I approached this book knowing what to expect, but also with
an open mind. Firstly, I was, am, so familiar with this topic: being lonely
even when you’re not alone. Secondly, I was open to what I might learn and improve
about my approach to relationships and human connection. I still haven’t
processed all my thoughts about this books, and probably this is why I postponed
writing a review for it over the past few days. The reason I even chose this was
because I had so vivid in my mind the image of a teenage me sitting alone
during youth group one Friday evening and finding it so very difficult to go
sit with someone I knew. A teenage me feeling lonely although there were plenty
of people in the church.

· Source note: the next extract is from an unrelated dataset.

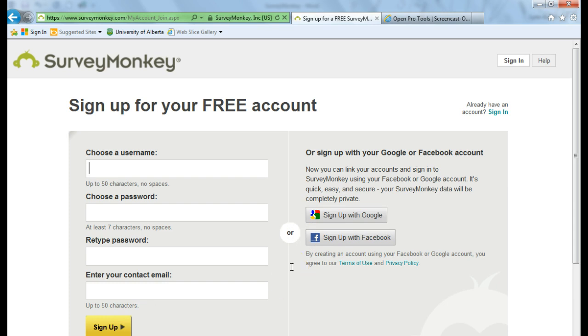If you choose to sign up with Google or with Facebook, you will see a screen where you're going to have to accept or allow SurveyMonkey to access your email addresses and basic information or your profile and friends on Facebook.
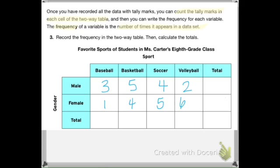What you need to do now is add up all of the columns. Sum up the baseball column and write that total underneath. Sum up basketball, soccer, and volleyball. Also total up the number of males and the number of females. Do that right now. When you total these up, you should get four total people who like baseball, nine basketball, nine soccer, and eight volleyball.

Unfortunately, this kind of feelings don’t stop once
we leave behind the weird teenage years.
Like all professional reviews, let me start by saying ..
well.
I haven’t heard of the author before. Erin Davis is a
speaker, author and blogger. This is not her first book and you can feel that. Since
I didn’t get to “know” her before starting this book (and by “know” I mean
through twitter, her blog, or any other media outlet), I was so nicely
surprised to see her so open and uninhibited when writing. I was a bit
reluctant in the beginning, but as I turned pages I came to see she’s a writer who uses words
creatively and she’s after my own heart as far as humor goes.
But more important than that, I want to focus on what she
writes. This is such a widely discussed topic. Whoever spends a few days (maybe
less) on any social media platform will encounter a pin, a tweet, a share, a
something advising and encouraging to step away from the said social media
medium and connect in real life. As in, face to face, with people and use words
and stuff when relating to them. Well, let me tell you something. I agree. But in
the same time I think it’s hard, man! It takes courage and compassion and
vulnerability to step out into the real word and engage. To connect.

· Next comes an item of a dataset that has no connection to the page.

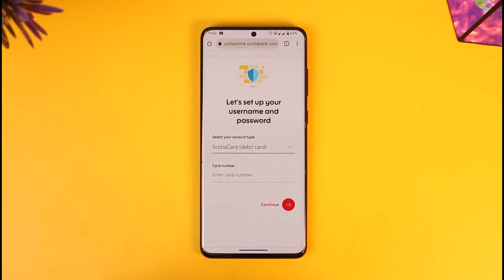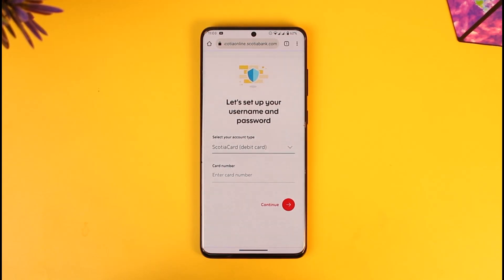It will ask you for a couple of other details to choose your username and password. It will also ask you to verify your legal details, such as what you provided during the creation of your bank account. After you've done that, hopefully within a couple of hours or within 24 hours your account will get successfully activated. If it doesn't, you can try calling customer support. This way you'll be able to activate your Scotia online banking.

Loneliness hits when you least expect it, and when it hits, I
hits like a brick. The author lists some factors that unveil or trigger the loneliness,
such as sudden changes; our stubbornness in holding tight to our schedules and
busy lives; sin; our unwillingness to be vulnerable (both a cause for sorrow and
joy - see Brene Brown's talk); our lack of fellowship with God. These factors are all real and true,
some with a greater immediate impact than others. It’s such a clear and obvious thing that when we have
our priorities in check, somehow we know how to navigate those seasons of
loneliness. No, not eradicate it completely, but to not fall in the pit of self-pity
and self-imposed loneliness. As all seasons, there’s something to be learned in
each, when there’s sorrow, or we go through a change, a transition, when we
feel betrayed, or in the hard times when we have to carry a cross that seems unbearable.

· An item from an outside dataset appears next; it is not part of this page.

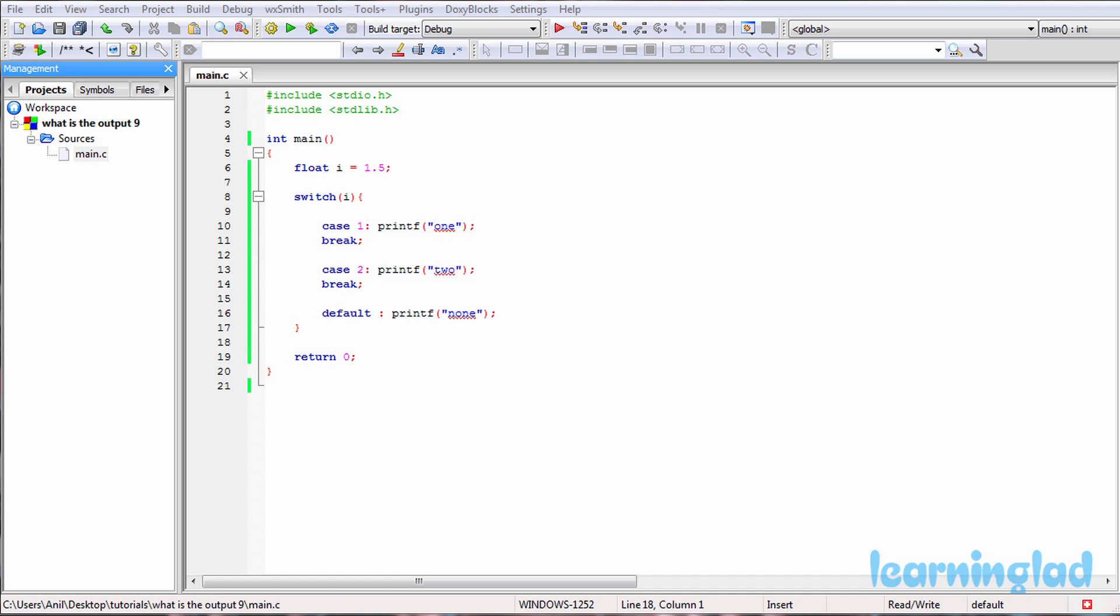All right, now I believe that you guys have an answer for this program. What we're going to do is we're going to do build and run.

Probably the part that is worth insisting upon and without
which this book would have been useless, is the emphasis on a serious, personal
relationship with God. His presence with us at all times, in all seasons of
life is the great news of great joy. God loves us. He is enough. From Him
spring all things. This is such a simple and at the same time overlooked
factor. While reading the book I realized how prone I am to look for quick ways
to fix things. Microwave solutions to both loneliness and any other aspects of
life. Dwelling in the truth that God is enough is the starting point of all
good things.
Going from here, the author stressed the importance of
church community. It makes sense since the Church is the body of Christ and it
is built on and around Him. I am so glad she didn’t overlooked this aspect!
As far as research goes, honestly, I would have loved maybe
a few more personal stories. She just mentions some relevant to each chapter. She
also makes references to some Bible studies and commentaries, come general studies on the topic of loneliness, and to Brené Brown’s TED talk, ThePower of Vulnerability. (Brene Brown also has some books worth checking out.)
I personally think this small portion of research is okay for this book, but
for someone looking for more data about loneliness, its factors, cures &
co, this is just a recommended starting point.
All in all, I enjoyed reading this. It’s a pretty fast read.
I can’t say that the things written were illuminating in themselves, but what I
found helpful were the way in which the information was structured and that can go a long way.